Data for review:

------------------------------------

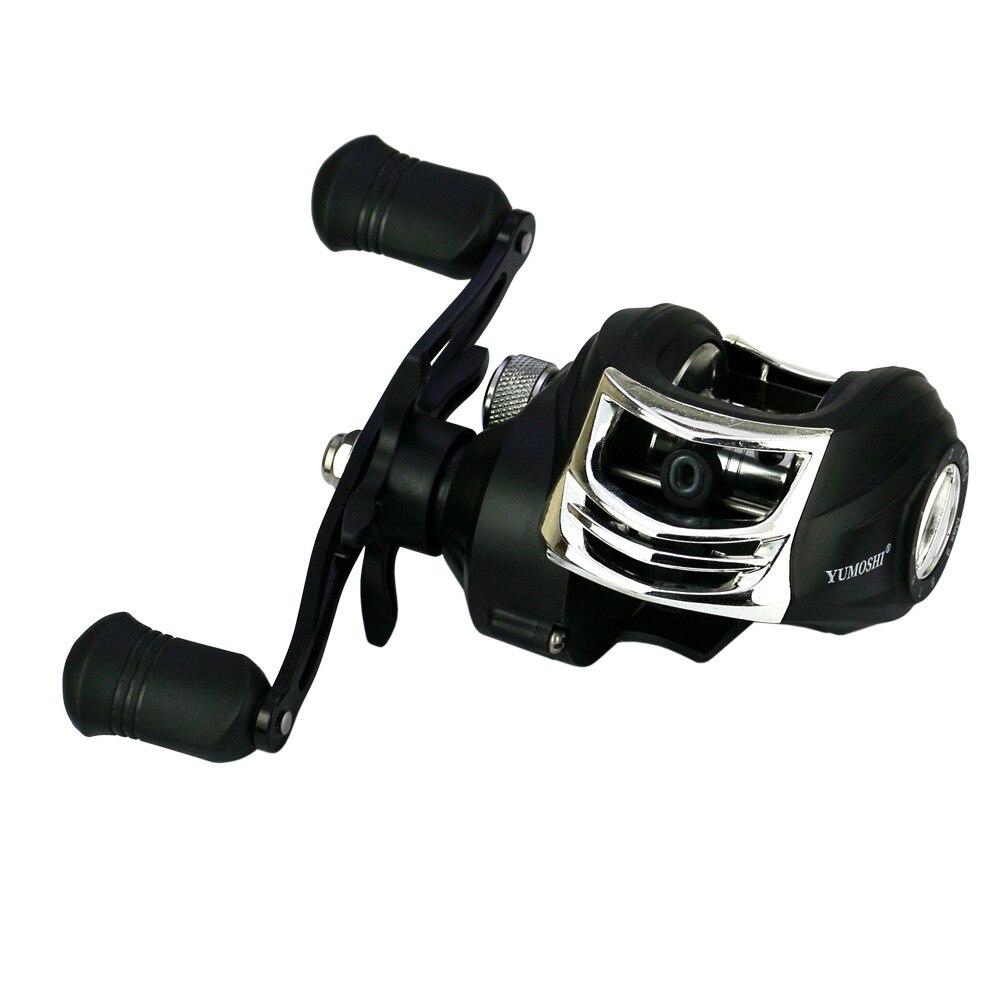 AK200 moulinet de pêche trois couleurs Baitcasting bobine empêcher la ligne frite 18 + 1BB résistant à l'usure AllMetal culbuteur carpe matériel de pêche: black silver / Gauche main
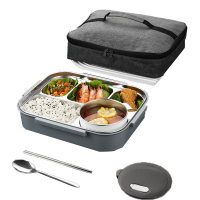 耀豪坤 316不锈钢分格饭盒 大号餐盒2.8L 5格+保温袋 YCL5-2800ml/个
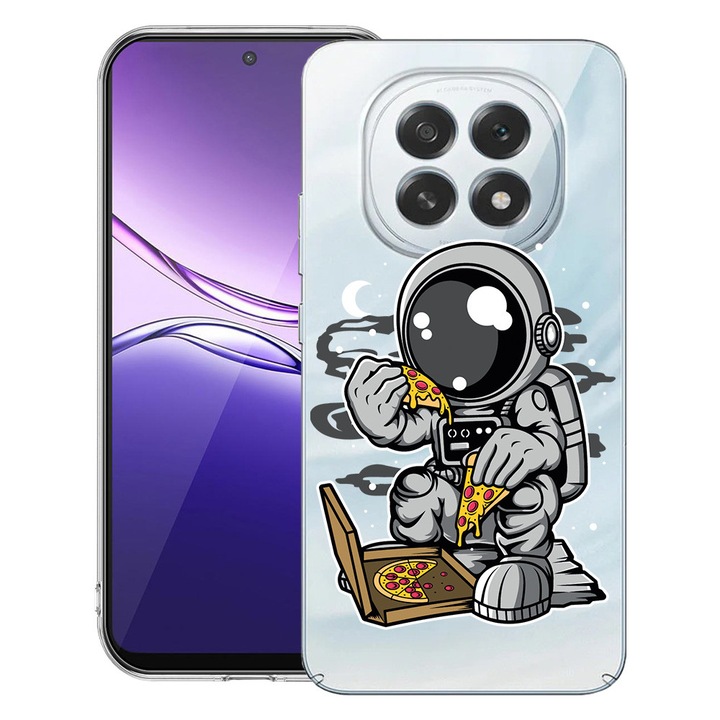 BestCase® Калъф за OPPO F29 Pro с дизайн на астронавт с пица, прозрачен тънък силиконов, противоударен, 2052037 T 1004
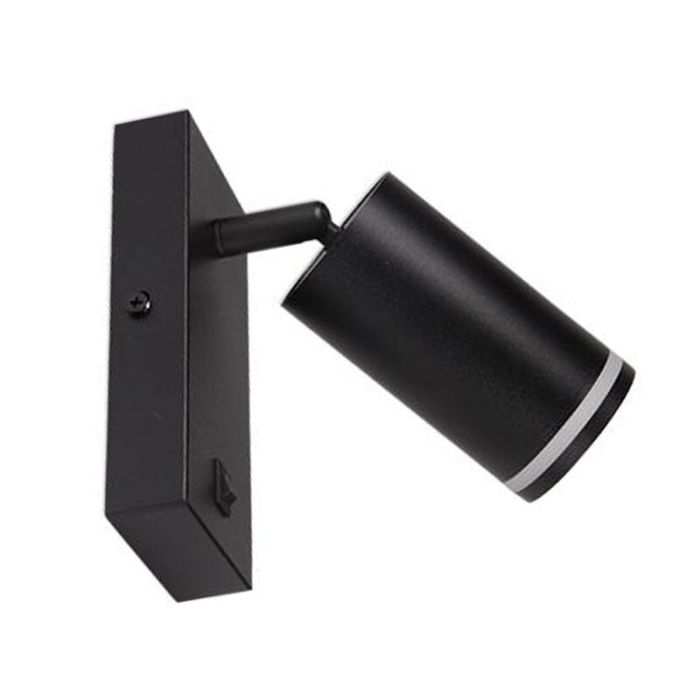 Schwarze Wandstrahler Modern, Yorinde, mit Schalter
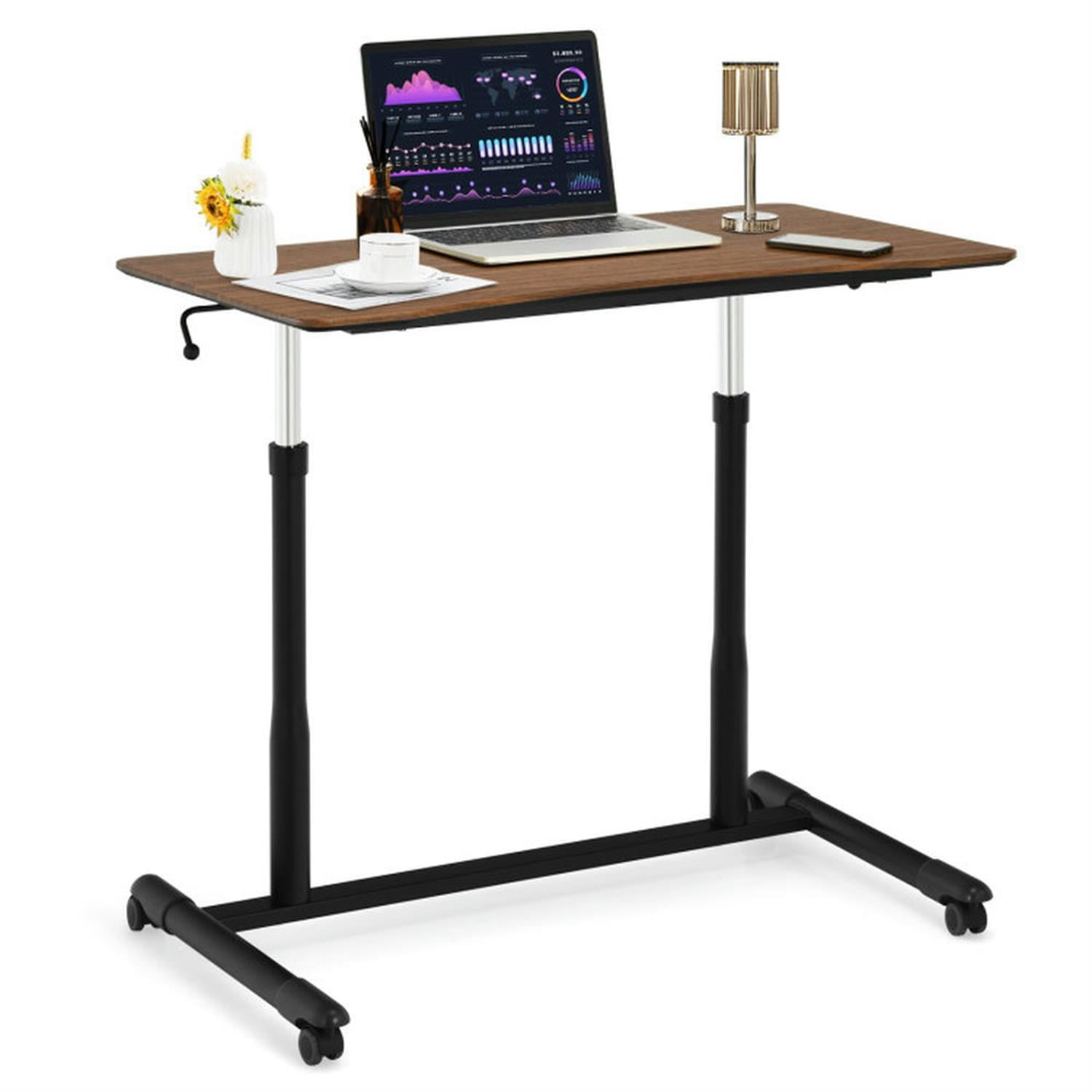 Finihen Height Adjustable Computer Desk Sit to Stand Rolling Notebook Table, Laptop Workstation for Laptops, Books, Tablets, and Art, Brown Finihen Height Adjustable Computer Desk Sit to Stand Rolling Notebook Table, Laptop Workstation for Laptops, Books, Tablets, and Art, Brown
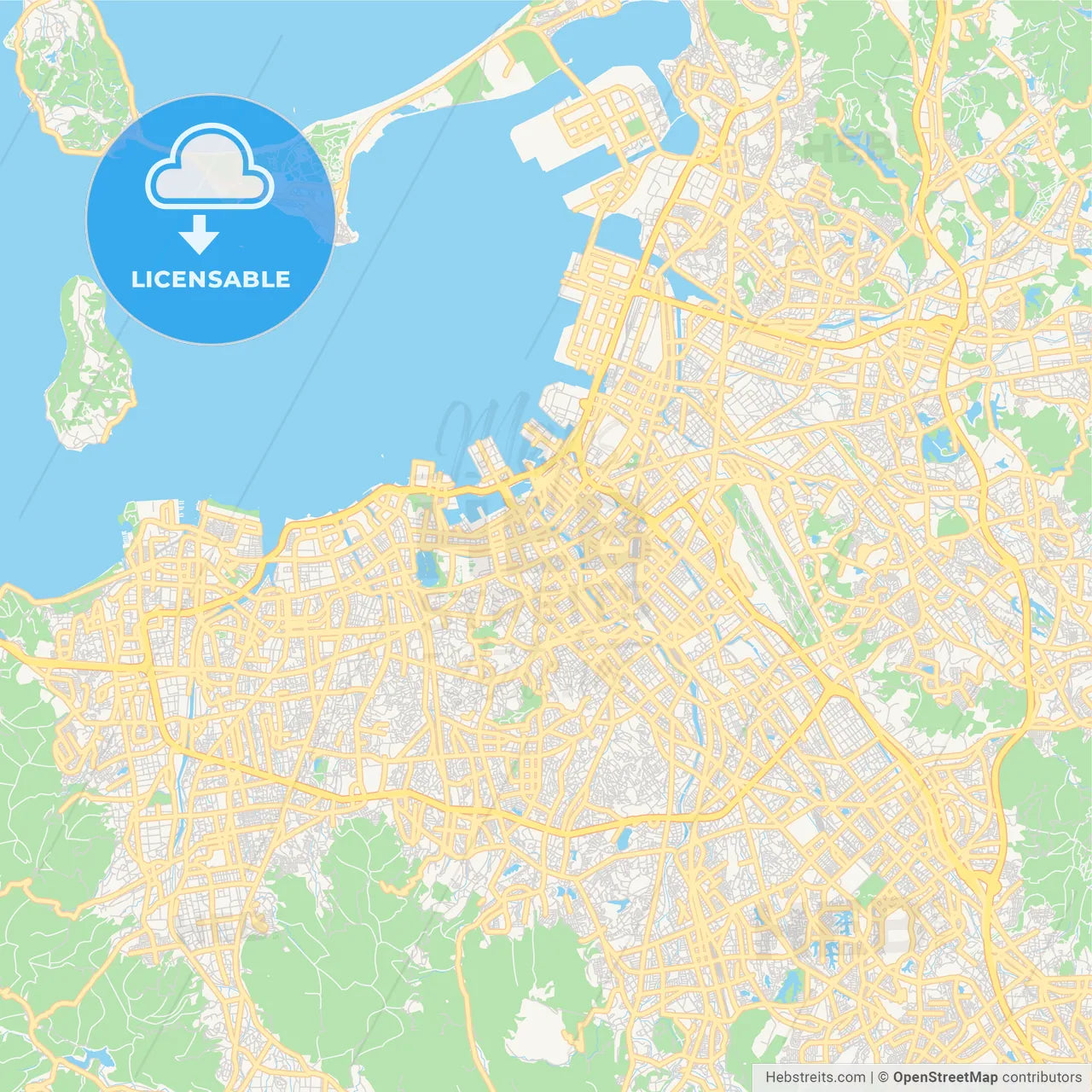 Printable street map of Fukuoka, Japan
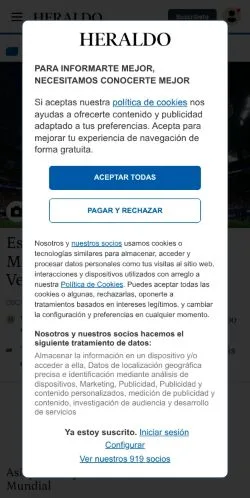 Anteprima del sito Heraldo De Aragón, media di Spagna per articoli sponsorizzati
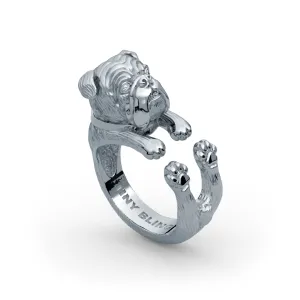 English Bulldog Diamond Cuddle Wrap Ring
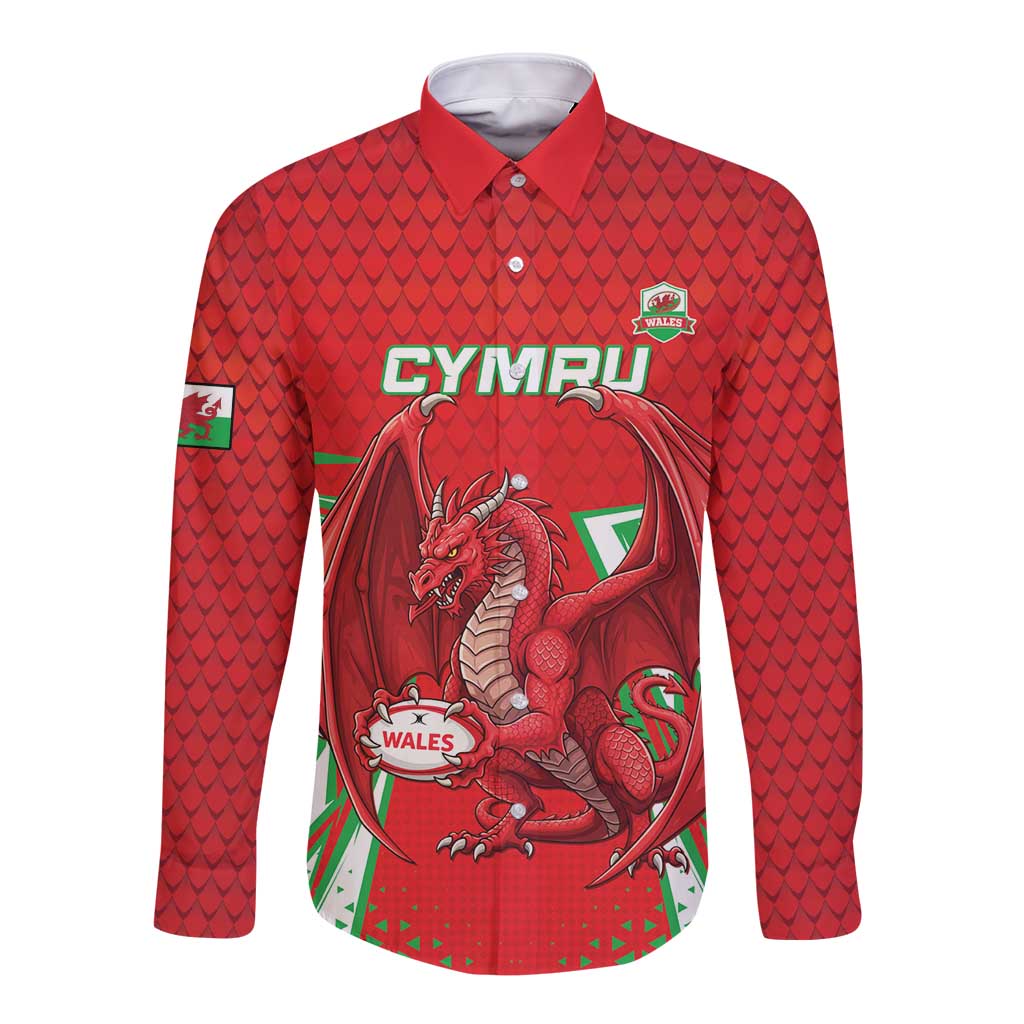 Wales Rugby Custom Long Sleeve Button Shirt Dragon Scales Style - Wonder Print Shop
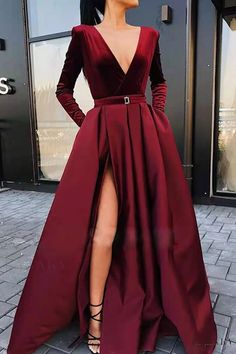 Lasaky - Refined Burgundy A-Line Dress featuring a V-Neckline and Exquisite Patchwork Design Vestidos Color Vino, Prom Dress Green, Cheap Prom Dresses Online, Prom Dresses With Pockets, V Neck Prom Dresses, Custom Prom Dress, Long Sleeve Prom, Burgundy Prom Dress, فستان سهرة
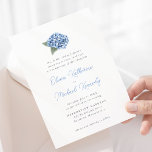 Elegant Blue Hydrangea Floral Wedding Einladung<br><div class="desc">Elegante, blaue Hydrangea-Blume für Ihre Frühjahr- oder Sommerhochzeit. Ideal für die traditionelle und dennoch elegante Hochzeit, die Sie sich vorstellen. Klassischer Serif-Schriftart mit moderner Schriftzeichen. Original Hydrangea-Kunstwerk nur hier gefunden. Für Anfragen über kundenspezifische Designänderungen des unabhängigen Designers senden Sie bitte eine E-Mail an paula@labellarue.com BEVOR Sie Ihre Bestellung anpassen oder...</div>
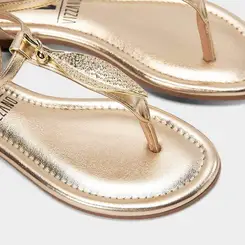 Sandália Rasteira Feminina Vizzano Detalhe Metalizado Ouro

------------------------------------

Task objective: Given the listing above, retype only the span of lines from the line with "Printable street map of Fukuoka, Japan" up to and including the line with "Wales Rugby Custom", exactly as it stands and without pictures.

Result below:
 Printable street map of Fukuoka, Japan
 Anteprima del sito Heraldo De Aragón, media di Spagna per articoli sponsorizzati
 English Bulldog Diamond Cuddle Wrap Ring
 Wales Rugby Custom Long Sleeve Button Shirt Dragon Scales Style - Wonder Print Shop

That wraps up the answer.